:: Dataset records ::
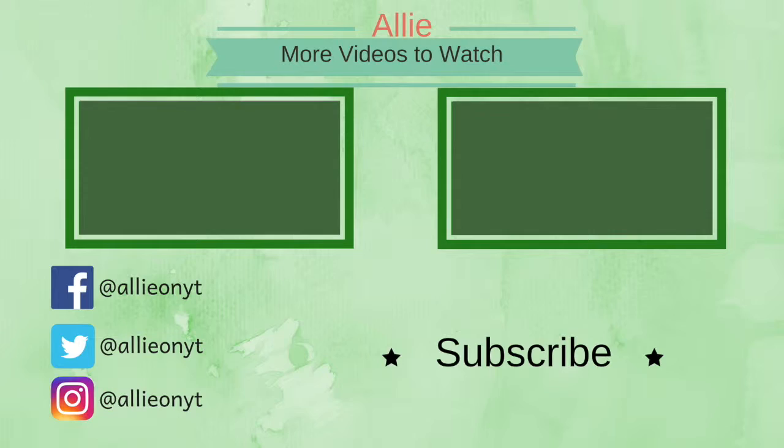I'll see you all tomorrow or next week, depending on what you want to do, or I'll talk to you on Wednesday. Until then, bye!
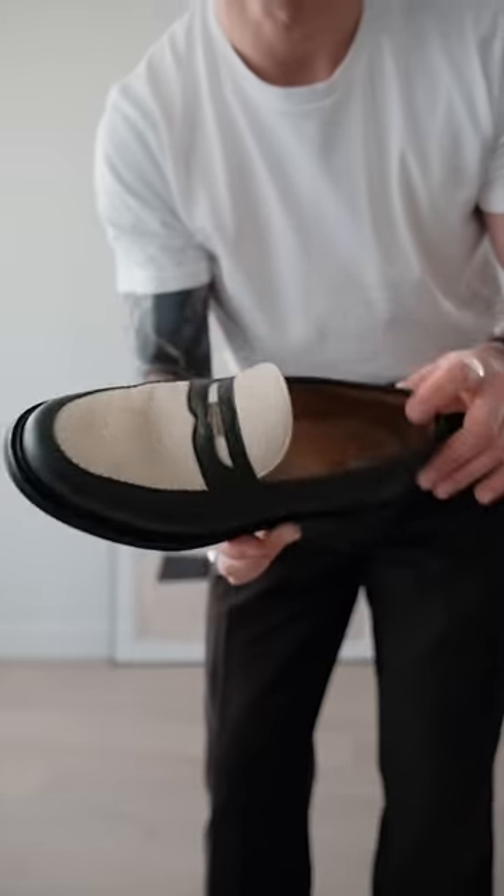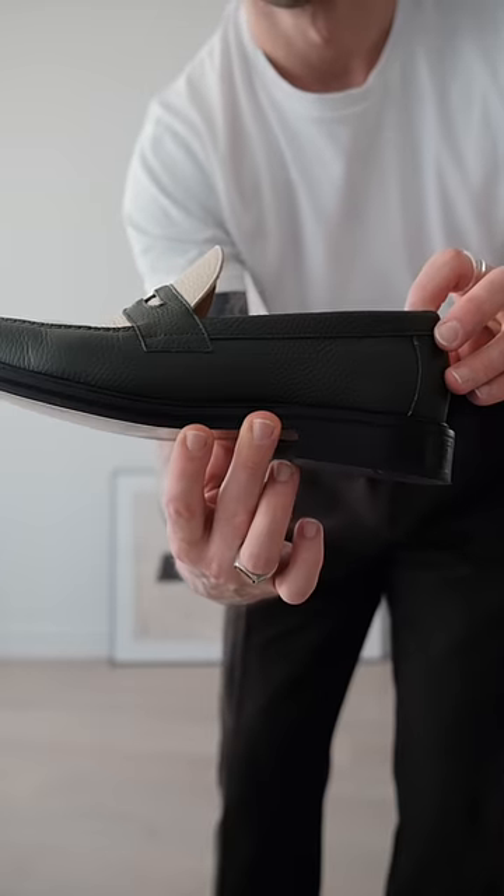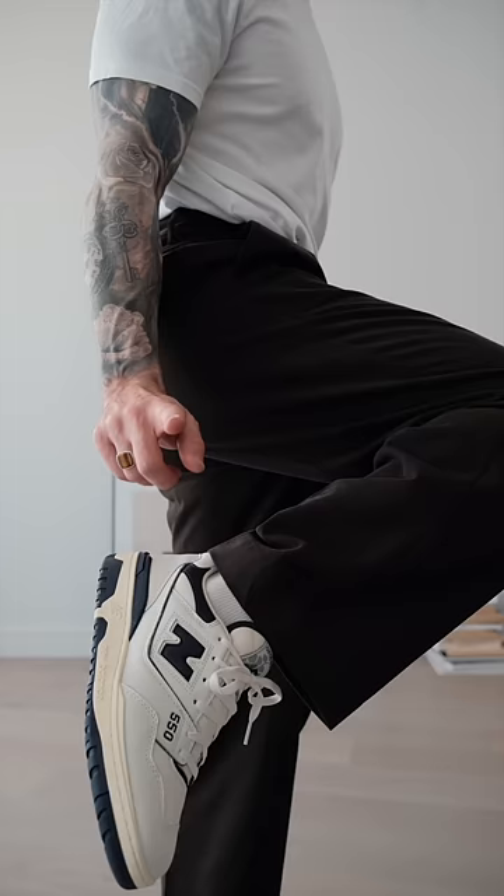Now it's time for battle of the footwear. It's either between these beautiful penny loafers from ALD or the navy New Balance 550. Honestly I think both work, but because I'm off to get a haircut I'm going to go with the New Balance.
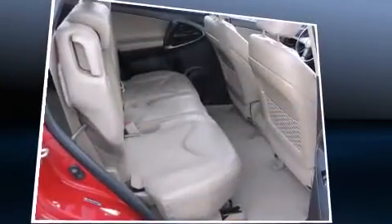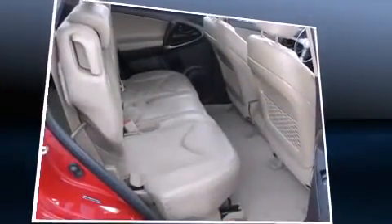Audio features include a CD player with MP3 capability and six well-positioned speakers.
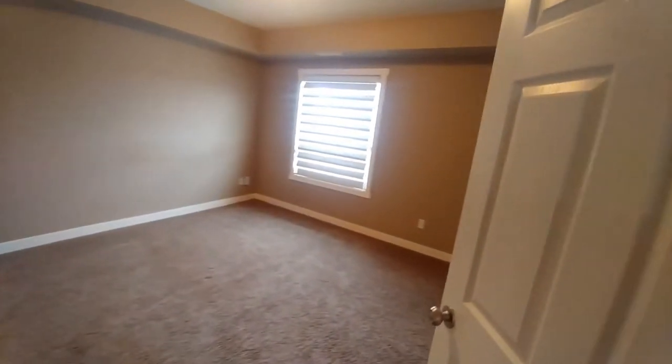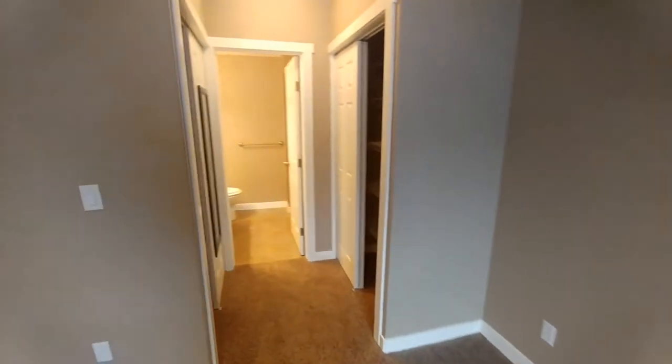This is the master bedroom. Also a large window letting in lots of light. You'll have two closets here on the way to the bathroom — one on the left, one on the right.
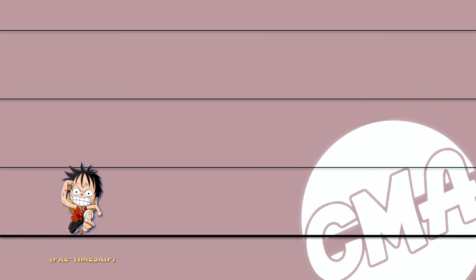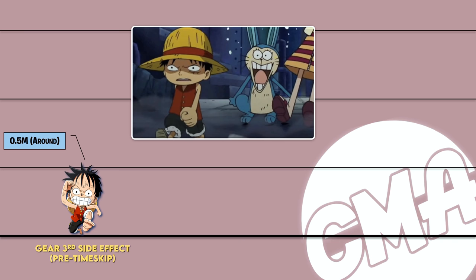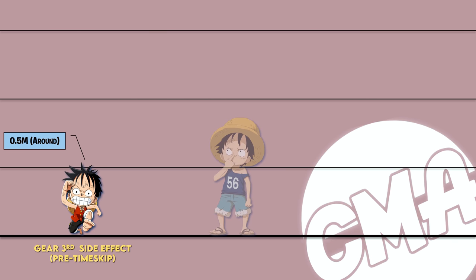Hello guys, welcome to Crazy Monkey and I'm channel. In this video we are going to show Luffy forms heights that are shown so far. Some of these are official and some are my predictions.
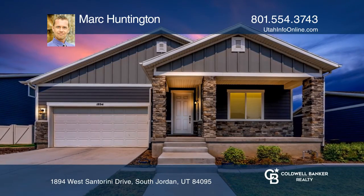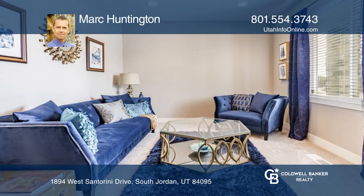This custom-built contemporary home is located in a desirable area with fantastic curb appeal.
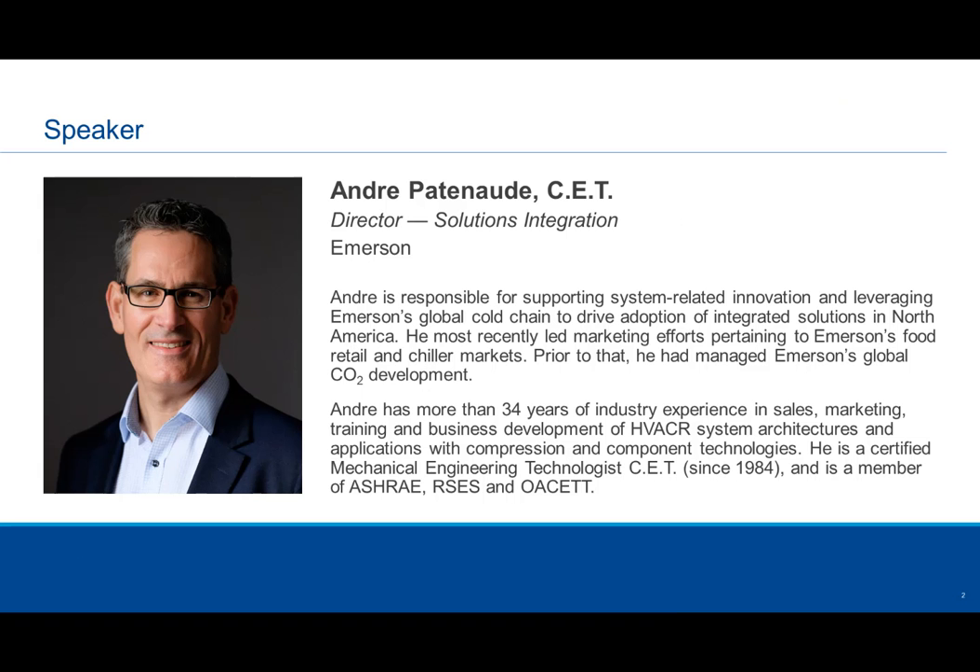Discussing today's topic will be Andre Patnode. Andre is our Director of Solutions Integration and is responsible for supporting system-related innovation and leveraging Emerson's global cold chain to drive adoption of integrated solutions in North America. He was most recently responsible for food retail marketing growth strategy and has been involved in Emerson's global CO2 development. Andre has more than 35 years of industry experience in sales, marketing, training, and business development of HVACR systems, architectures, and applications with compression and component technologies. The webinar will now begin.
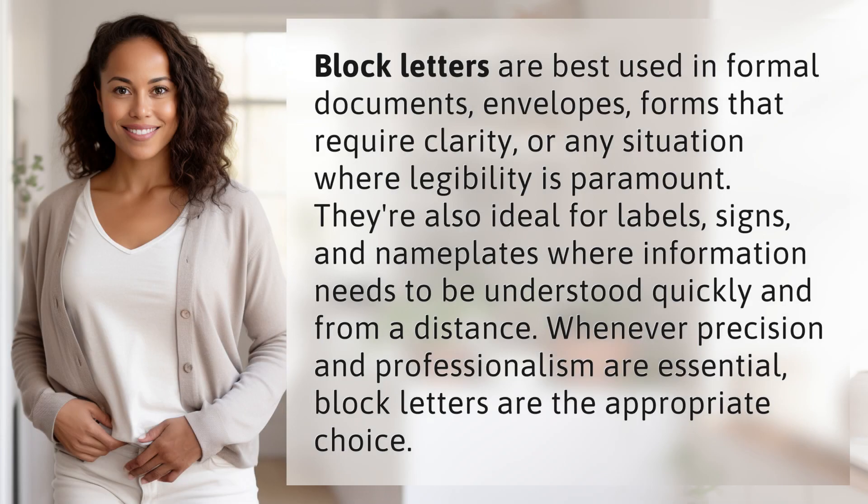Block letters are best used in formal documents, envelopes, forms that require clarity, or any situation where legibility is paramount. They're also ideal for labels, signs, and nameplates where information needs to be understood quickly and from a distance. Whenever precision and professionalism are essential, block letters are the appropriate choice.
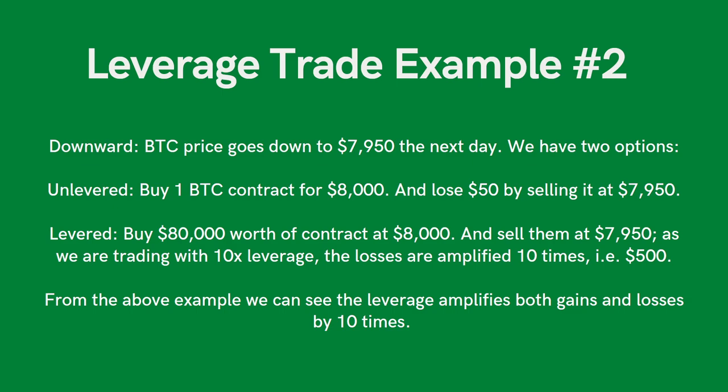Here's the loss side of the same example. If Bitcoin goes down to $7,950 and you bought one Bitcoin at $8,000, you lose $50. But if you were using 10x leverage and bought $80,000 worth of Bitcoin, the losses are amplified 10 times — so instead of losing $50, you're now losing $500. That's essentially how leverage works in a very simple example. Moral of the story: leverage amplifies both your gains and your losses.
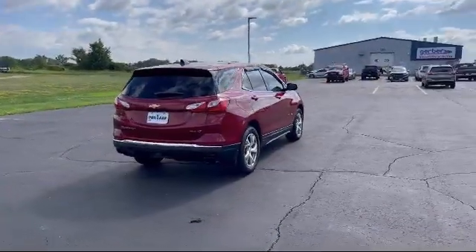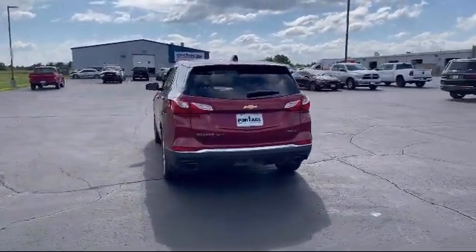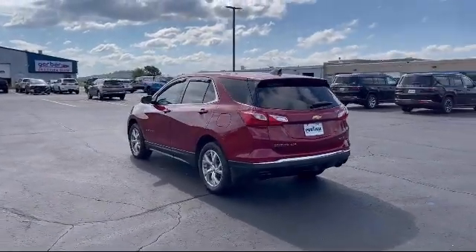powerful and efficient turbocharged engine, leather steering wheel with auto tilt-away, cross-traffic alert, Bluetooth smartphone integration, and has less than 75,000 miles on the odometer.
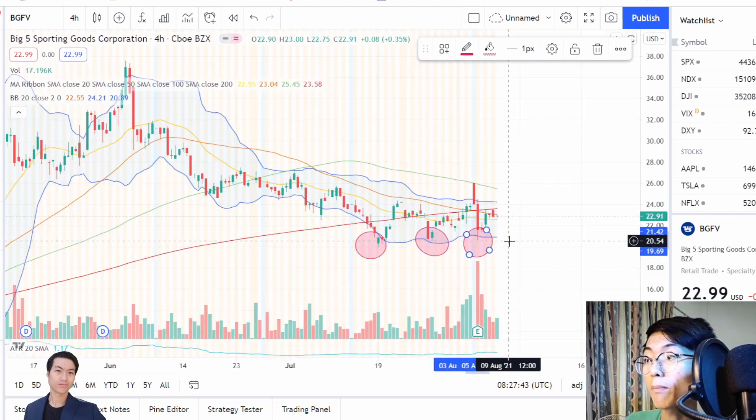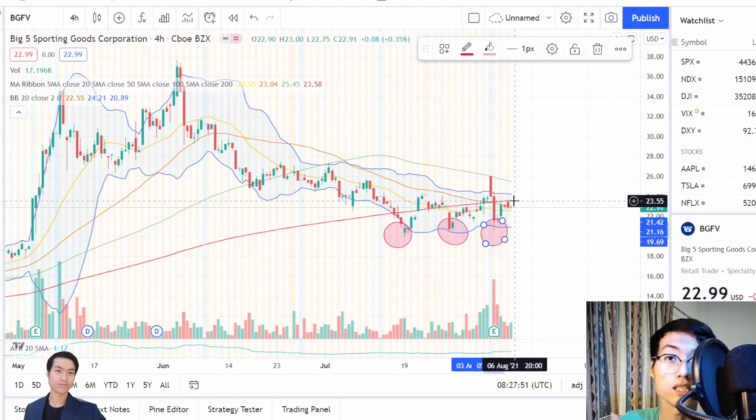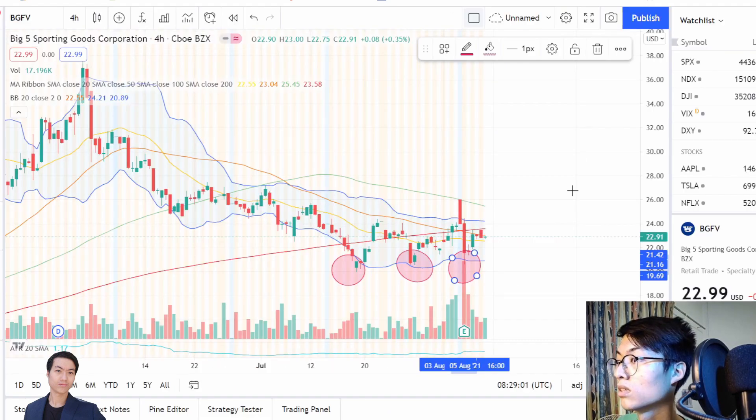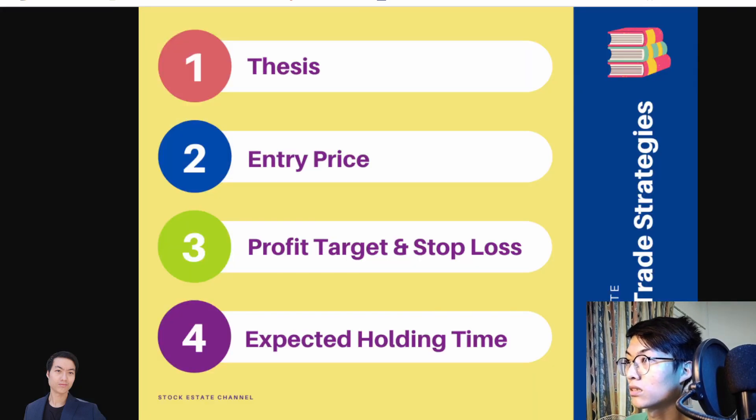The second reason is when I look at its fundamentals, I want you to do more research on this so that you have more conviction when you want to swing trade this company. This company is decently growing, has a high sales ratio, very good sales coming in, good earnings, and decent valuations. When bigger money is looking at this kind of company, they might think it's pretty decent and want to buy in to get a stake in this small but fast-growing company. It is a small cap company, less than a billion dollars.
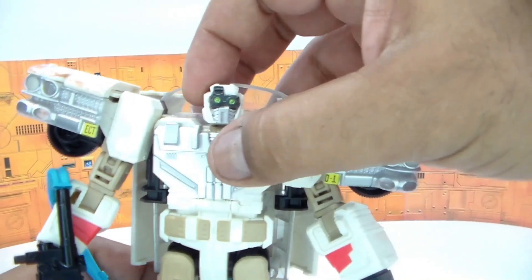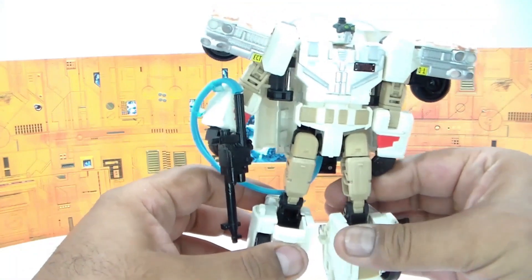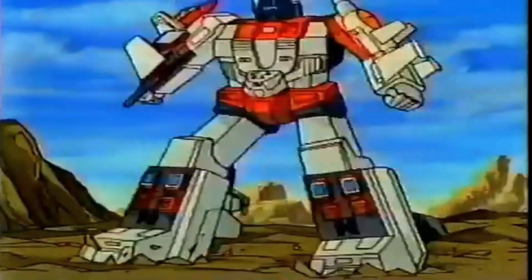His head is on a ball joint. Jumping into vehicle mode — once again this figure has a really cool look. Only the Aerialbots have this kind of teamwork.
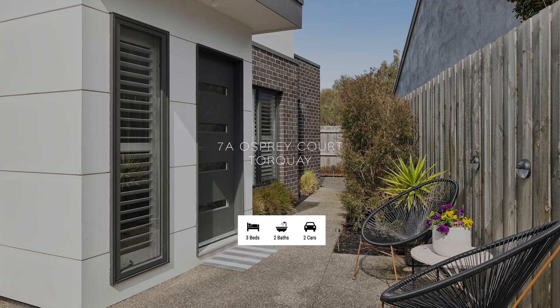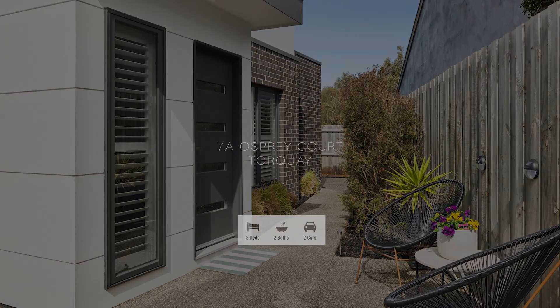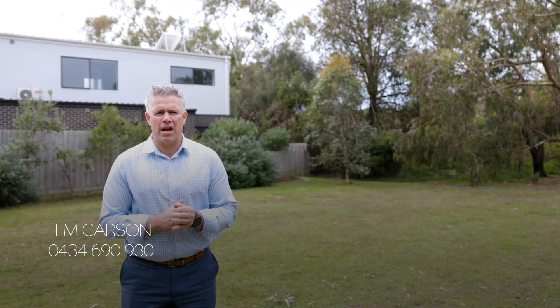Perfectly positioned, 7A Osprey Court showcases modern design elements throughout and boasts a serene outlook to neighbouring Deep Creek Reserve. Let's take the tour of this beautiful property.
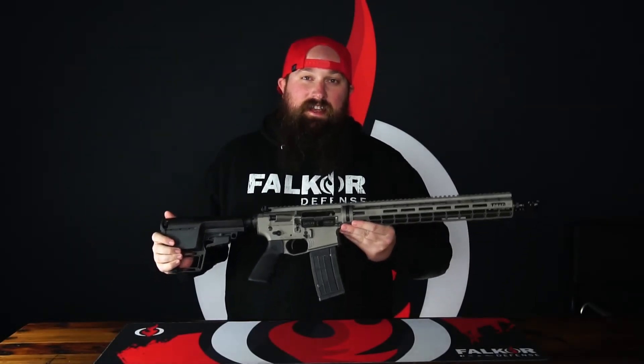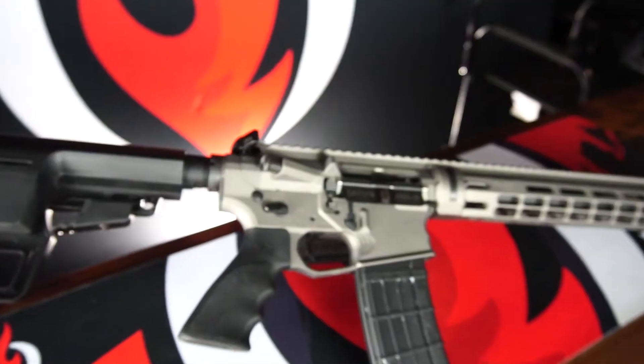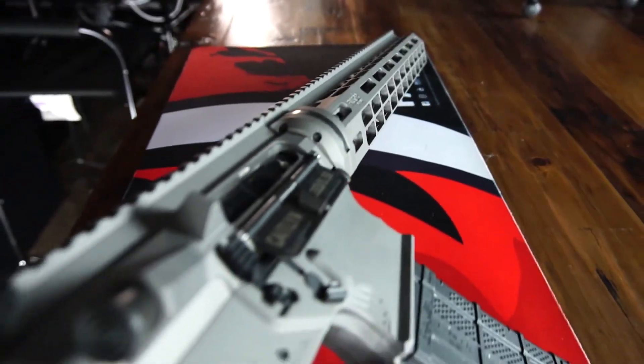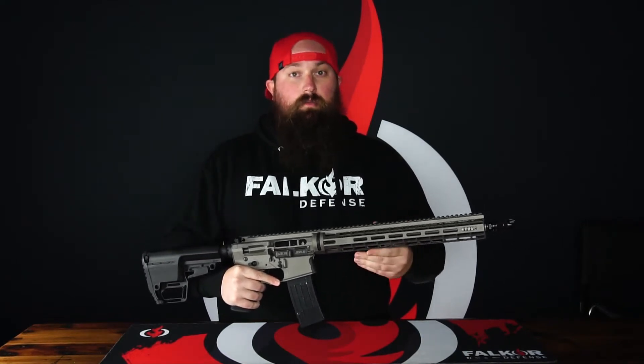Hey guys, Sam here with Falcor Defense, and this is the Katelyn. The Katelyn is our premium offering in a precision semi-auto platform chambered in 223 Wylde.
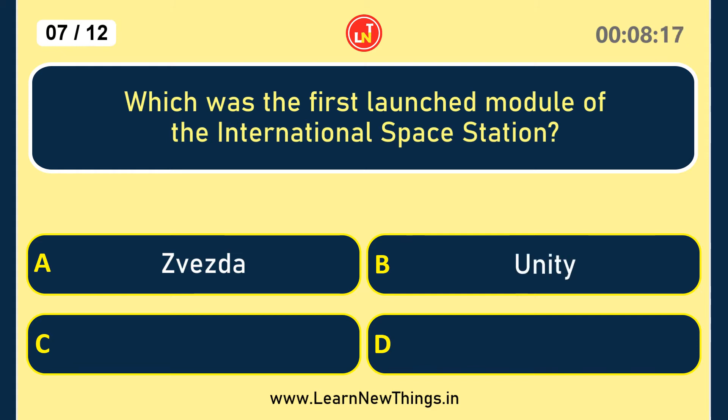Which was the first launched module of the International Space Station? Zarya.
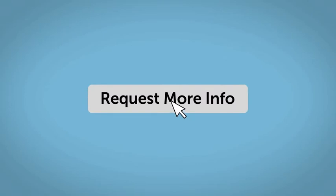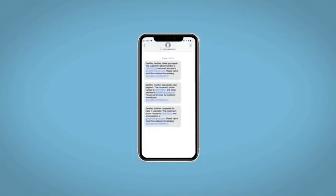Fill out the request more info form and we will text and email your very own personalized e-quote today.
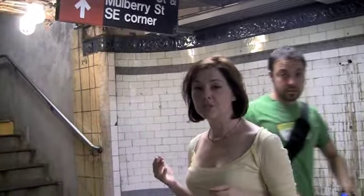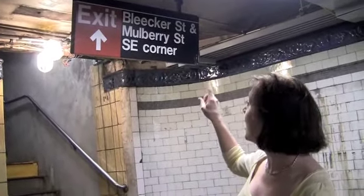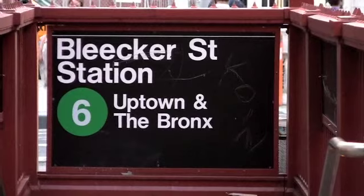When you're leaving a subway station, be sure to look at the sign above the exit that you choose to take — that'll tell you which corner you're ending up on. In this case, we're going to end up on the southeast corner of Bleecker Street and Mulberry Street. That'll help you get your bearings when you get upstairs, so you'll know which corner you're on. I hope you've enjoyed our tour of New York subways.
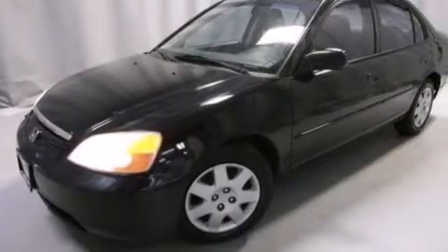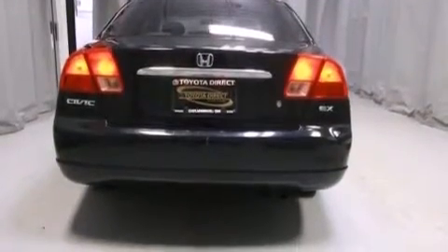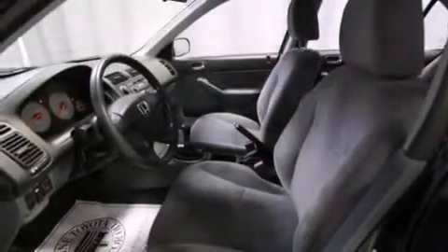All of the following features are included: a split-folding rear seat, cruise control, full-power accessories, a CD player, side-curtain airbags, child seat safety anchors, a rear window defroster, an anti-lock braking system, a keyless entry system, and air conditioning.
:::
Restate the entire listing word for word, excluding pictures.

I'll see you all tomorrow or next week, depending on what you want to do, or I'll talk to you on Wednesday. Until then, bye!
Now it's time for battle of the footwear. It's either between these beautiful penny loafers from ALD or the navy New Balance 550. Honestly I think both work, but because I'm off to get a haircut I'm going to go with the New Balance.
Audio features include a CD player with MP3 capability and six well-positioned speakers.
This is the master bedroom. Also a large window letting in lots of light. You'll have two closets here on the way to the bathroom — one on the left, one on the right.
Hello guys, welcome to Crazy Monkey and I'm channel. In this video we are going to show Luffy forms heights that are shown so far. Some of these are official and some are my predictions.
This custom-built contemporary home is located in a desirable area with fantastic curb appeal.
Discussing today's topic will be Andre Patnode. Andre is our Director of Solutions Integration and is responsible for supporting system-related innovation and leveraging Emerson's global cold chain to drive adoption of integrated solutions in North America. He was most recently responsible for food retail marketing growth strategy and has been involved in Emerson's global CO2 development. Andre has more than 35 years of industry experience in sales, marketing, training, and business development of HVACR systems, architectures, and applications with compression and component technologies. The webinar will now begin.
Block letters are best used in formal documents, envelopes, forms that require clarity, or any situation where legibility is paramount. They're also ideal for labels, signs, and nameplates where information needs to be understood quickly and from a distance. Whenever precision and professionalism are essential, block letters are the appropriate choice.
Here's the loss side of the same example. If Bitcoin goes down to $7,950 and you bought one Bitcoin at $8,000, you lose $50. But if you were using 10x leverage and bought $80,000 worth of Bitcoin, the losses are amplified 10 times — so instead of losing $50, you're now losing $500. That's essentially how leverage works in a very simple example. Moral of the story: leverage amplifies both your gains and your losses.
powerful and efficient turbocharged engine, leather steering wheel with auto tilt-away, cross-traffic alert, Bluetooth smartphone integration, and has less than 75,000 miles on the odometer.
The second reason is when I look at its fundamentals, I want you to do more research on this so that you have more conviction when you want to swing trade this company. This company is decently growing, has a high sales ratio, very good sales coming in, good earnings, and decent valuations. When bigger money is looking at this kind of company, they might think it's pretty decent and want to buy in to get a stake in this small but fast-growing company. It is a small cap company, less than a billion dollars.
His head is on a ball joint. Jumping into vehicle mode — once again this figure has a really cool look. Only the Aerialbots have this kind of teamwork.
Perfectly positioned, 7A Osprey Court showcases modern design elements throughout and boasts a serene outlook to neighbouring Deep Creek Reserve. Let's take the tour of this beautiful property.
Hey guys, Sam here with Falcor Defense, and this is the Katelyn. The Katelyn is our premium offering in a precision semi-auto platform chambered in 223 Wylde.
Which was the first launched module of the International Space Station? Zarya.
Fill out the request more info form and we will text and email your very own personalized e-quote today.
When you're leaving a subway station, be sure to look at the sign above the exit that you choose to take — that'll tell you which corner you're ending up on. In this case, we're going to end up on the southeast corner of Bleecker Street and Mulberry Street. That'll help you get your bearings when you get upstairs, so you'll know which corner you're on. I hope you've enjoyed our tour of New York subways.
All of the following features are included: a split-folding rear seat, cruise control, full-power accessories, a CD player, side-curtain airbags, child seat safety anchors, a rear window defroster, an anti-lock braking system, a keyless entry system, and air conditioning.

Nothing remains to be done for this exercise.